The second group are the “Outsider Intellectuals”. Such persons, usually with more than a modicum of formal education, place much of their identity on questioning everything. Sometimes, of course, they get it right. Because much of the discourse is sincere and now happens in social media, others are quick to pick it up and reinforce it. Any person has the power to gain a following in no time – as Kevin Ashton proved with his fictional consultant, Santiago Swallow and his 85,000 followers. This is a cautionary tale relating to celebrity culture – but it also shows how the faux outside intellectual can dupe us.
The last group Douthat identifies are the “Recently Radicalized”. To some extent they are the creatures of the pandemic. Lockdown has had an effect in my own family where teenagers are studying online while all their parents work from home and an older grandson was hired immediately after graduating from university. Another son teaches graduate students online in Hong Kong. I’ll add myself to make ten people all functioning with their own technology at an optimal level. How common is that? The contrast of impoverished inner city or rural families in any country is staggering. It is an invitation to mistrust authority. Added to that are unusual events – racial unrest, natural disasters and it reinforces the belief that no one is in charge – and that any who are attempting to be – those who talk about resets – are simply moving to take advantage of the situation and are out to get us.
Douthat concludes that there is more reason here that we are willing to give credit to. The easy thing is to mock it and laugh it away.

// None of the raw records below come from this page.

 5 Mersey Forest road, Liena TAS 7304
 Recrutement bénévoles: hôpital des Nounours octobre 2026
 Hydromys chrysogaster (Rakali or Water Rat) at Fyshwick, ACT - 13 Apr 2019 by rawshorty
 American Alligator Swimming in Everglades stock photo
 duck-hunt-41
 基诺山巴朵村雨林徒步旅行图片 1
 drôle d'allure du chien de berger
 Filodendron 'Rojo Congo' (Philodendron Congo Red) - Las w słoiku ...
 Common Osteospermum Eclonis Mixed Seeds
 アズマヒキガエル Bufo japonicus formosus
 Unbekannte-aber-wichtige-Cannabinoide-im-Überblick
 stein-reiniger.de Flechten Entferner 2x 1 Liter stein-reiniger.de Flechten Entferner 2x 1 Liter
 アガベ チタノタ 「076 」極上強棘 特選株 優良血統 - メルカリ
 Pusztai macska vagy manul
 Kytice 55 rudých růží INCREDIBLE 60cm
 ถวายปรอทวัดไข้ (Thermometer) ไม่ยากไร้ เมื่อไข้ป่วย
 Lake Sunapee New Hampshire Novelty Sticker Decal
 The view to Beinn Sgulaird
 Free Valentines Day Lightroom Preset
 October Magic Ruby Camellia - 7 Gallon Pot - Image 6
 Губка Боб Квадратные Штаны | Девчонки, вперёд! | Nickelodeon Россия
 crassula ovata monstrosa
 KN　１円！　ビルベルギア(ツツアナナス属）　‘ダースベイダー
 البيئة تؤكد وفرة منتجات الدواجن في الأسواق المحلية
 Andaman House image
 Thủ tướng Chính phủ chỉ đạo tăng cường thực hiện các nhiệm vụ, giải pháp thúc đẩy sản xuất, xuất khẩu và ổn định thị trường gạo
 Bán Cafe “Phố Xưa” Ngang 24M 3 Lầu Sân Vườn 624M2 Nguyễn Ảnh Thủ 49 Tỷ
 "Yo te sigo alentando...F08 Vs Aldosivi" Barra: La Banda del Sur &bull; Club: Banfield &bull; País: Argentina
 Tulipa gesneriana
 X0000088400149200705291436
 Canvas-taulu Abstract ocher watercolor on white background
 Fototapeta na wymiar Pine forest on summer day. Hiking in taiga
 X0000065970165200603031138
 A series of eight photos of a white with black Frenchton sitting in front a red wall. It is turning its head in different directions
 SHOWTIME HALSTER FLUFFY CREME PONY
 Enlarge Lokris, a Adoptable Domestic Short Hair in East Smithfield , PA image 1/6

The more responsible thing is to ponder ways to rebut it.
For the first group, the conspiracy curious, Douthat suggests avoiding the media coverage and going directly to the sources. If claims are being made in court, what are the lawyers saying to make their case? If it is legislation, what does the proposed bill say? If there is lack of transparency, what can be revealed and what is reasonable to withhold and redact?
For the outsider intellectuals, Douthat suggests that they take a breath and recognize that anomalies might be simple errors rather than dastardly plots. For the recently radicalized, pandemics do create chaos and ascribing mistakes as overreaching attempts to mislead are unfair. People do get things wrong because they are human and respond in various ways. If it appears that no one is in charge, it might be due to complexity of the reaction rather than autocracy.
In the long run what we need to focus on is law making – not story telling.